31 May 2011

WAJIB KULIAH?



Status itu berbunyi: "Orang tua suruh kuliah hati mau kerja tapi g blh kerja bingumg w."

Membacanya di wall fb, saya jadi teringat terus pada penulisnya. Dia siswa saya, baru saja lulus Ujian Nasional dan sedang menunggu ijasah. Pertanyaan kemudian muncul di benak ini: apa benar seseorang wajib kuliah bila mampu? Jadi nyaingin naik haji kayaknya ^^;

Menangani anak ini beberapa tahun, saya tahu kemampuan akademisnya. In my humble opinion, bangku kuliah bukanlah pilihan yang tepat. Lagi-lagi dia akan kembali menemukan kesulitan, baik secara akademis maupun sosial, lalu frustasi, lalu membenci diri sendiri.

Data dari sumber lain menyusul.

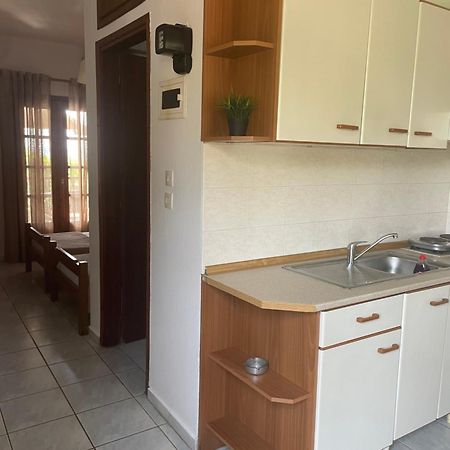 Magda'S House Apartman Pszakúdia Kültér fotó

Harusnya anak-anak seperti ini punya lebih banyak pilihan. Masalahnya, apa pilihan yang dia ketahui sekarang? Apa bakatnya, di mana minatnya? Sayang sekali, sekolah tak bisa menunjukkan jawaban kemarin itu karena sibuk mengejar kurikulum dan drilling soal Ujian Nasional. Yah, paling tidak kan kita punya kambing hitam.

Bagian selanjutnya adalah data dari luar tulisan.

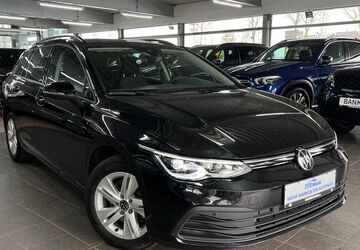 VW Golf 82.045 km 21.400 &euro; Werl 59457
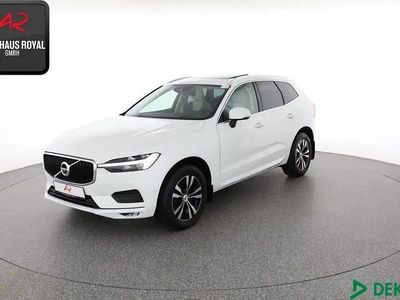 Second-hand Volvo XC60 235 CP (172 kW) 2021 Alb SUV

Banyak sudah kita dengar tentang seseorang yang sukses tanpa kuliah. Bill Gates yang drop out, Joichi Ito, atau si James Marcus Bach itu. Tapi sepertinya mereka punya kemampuan akademik yang lumayan, dan sudah menemukan panggilan hidup di usia muda.

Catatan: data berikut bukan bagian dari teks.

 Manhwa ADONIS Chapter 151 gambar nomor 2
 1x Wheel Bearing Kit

Sedang beberapa siswa saya, ah entahlah, saya tak bermaksud merendahkan mereka, tapi banyak di antara mereka tidak tergali pada domain kecerdasannya sendiri, juga belum menemukan 'panggilan' itu. Lalu ke mana mereka akan pergi setelah ini?

Di sisi lain, orang tua kepingin anaknya sarjana. Jaman begini bukan sarjana, apa kata dunia? Ambil ekonomi aja, atau komputer aja, kan bisa kepake di mana-mana. Emangnya, kepake di mana? Pas kuliah ga betah, susah-susah lulus ujungnya jadi sales juga kok. Atau yah, mungkin jadi guru.

Yayaya, saya memang agak skeptis jadinya. Oke, tak ada salahnya jadi sales, dan jadi guru tentu saja pekerjaan mulia. Tapi untuk apa kalau semua langkah-langkah itu semakin membuat seseorang tersesat, dan makin jauh dari kenikmatan bekerja di bidang yang dicintai.

ZOMBIE....


Setiap saya menulis tentang penanganan siswa di sekolah, seing kali saya harus meniadakan peran orang tua. Soalnya bila bicara faktor orang tua, bikin putus asa jadinya. Ada banyak orang tua yang bisa diajak kerja sama, tapi orang tua yang anaknya bermasalah biasanya adalah orang tua yang paling tidak peduli.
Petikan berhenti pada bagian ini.